Seperti biasa, ucapan itu itu dikutip oleh media dan menjadi headline di mana-mana. Kita pun tahu, kalau ada pernyataan semacam itu, apa yang akan dilakukan oleh para netizen budiman di negeri berflowers ini? Ya, jawabannya adalah bullying. Saya menyebutnya ‘pembulian duniawi’. Selain itu, ada lagi beberapa candaan pejabat negara soal Corona yang viral. Misalnya seperti komentar dari Pak Menteri Airlangga yang menyebut Corona tidak bisa masuk di Indonesia karena izinnya berbelit-belit.

Tantangan dan permainan-permainan receh yang muncul di WhatsApp dan Facebook itu barangkali hasil kerja dan kreativitas masyarakat yang terinspirasi langsung oleh pernyataan-pernyataan para pejabat kita, yakni melawan Corona dengan cara cengengesan. Saya kira ini fenomena baru sekaligus langka. Jarang-jarang ada pejabat yang benar-benar menginspirasi rakyatnya sampai ke level akar rumput.

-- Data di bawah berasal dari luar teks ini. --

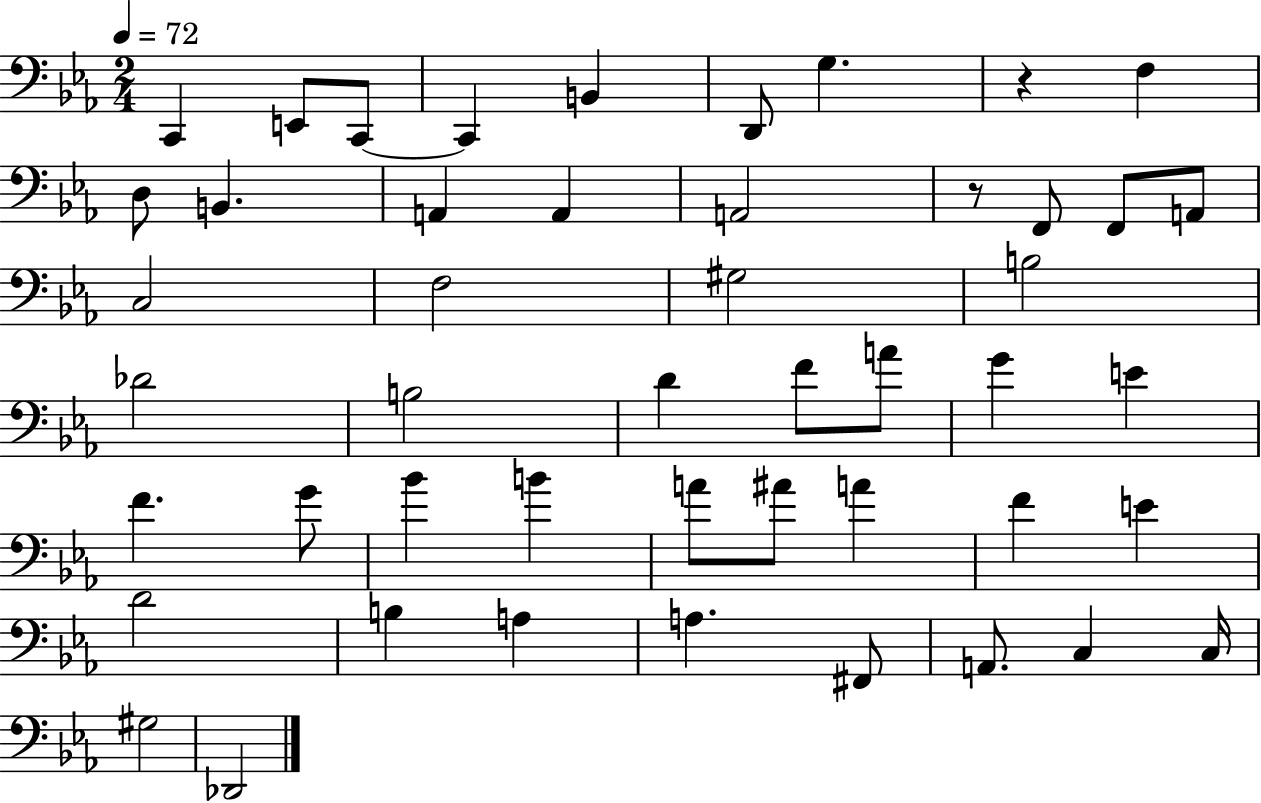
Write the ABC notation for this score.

X:1
T:Untitled
M:2/4
L:1/4
K:Eb
C,, E,,/2 C,,/2 C,, B,, D,,/2 G, z F, D,/2 B,, A,, A,, A,,2 z/2 F,,/2 F,,/2 A,,/2 C,2 F,2 ^G,2 B,2 _D2 B,2 D F/2 A/2 G E F G/2 _B B A/2 ^A/2 A F E D2 B, A, A, ^F,,/2 A,,/2 C, C,/4 ^G,2 _D,,2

Persis sebelum tulisan ini saya akhiri, muncul status seorang teman di beranda fesbuk yang sudah diunggah beberapa hari lalu. Rupanya dia juga sedang memainkan gim-gim unik selama masa ‘karantina’. Hanya saja permainannya nampak berbeda dibandingkan mainan ala anggota grup wasap dan fesbuk yang saya temui.

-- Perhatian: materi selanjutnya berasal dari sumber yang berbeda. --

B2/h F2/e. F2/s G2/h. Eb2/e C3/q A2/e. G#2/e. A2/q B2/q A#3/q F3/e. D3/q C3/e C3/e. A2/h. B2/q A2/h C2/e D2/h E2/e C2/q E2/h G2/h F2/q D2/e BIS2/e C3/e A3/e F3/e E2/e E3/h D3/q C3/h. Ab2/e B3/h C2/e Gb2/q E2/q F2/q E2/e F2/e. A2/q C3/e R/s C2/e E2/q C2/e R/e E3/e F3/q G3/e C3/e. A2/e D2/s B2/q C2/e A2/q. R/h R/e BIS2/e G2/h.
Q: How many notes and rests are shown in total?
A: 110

“Ngagetin cicak seru, nih!” katanya dalam status tersebut. Tak lama berselang status dari akun yang sama muncul lagi. “Ngajakin ngobrol kucing di rumah. Ya, siapa tahu bisa diajak ngobrol nyaingin cangkemnya netizen…”

Saya sendiri kurang paham, sosok pejabat seperti apa yang menginspirasi dirinya hingga kawan saya dengan pedenya, dan mungkin juga disertai restu orang tua, mau melakukan hal konyol dan tidak keren semacam itu.

Ya, segila apapun kita, untuk saat ini memang lebih baik #DiRumahAja, sembari melawan Corona dengan riang gembira.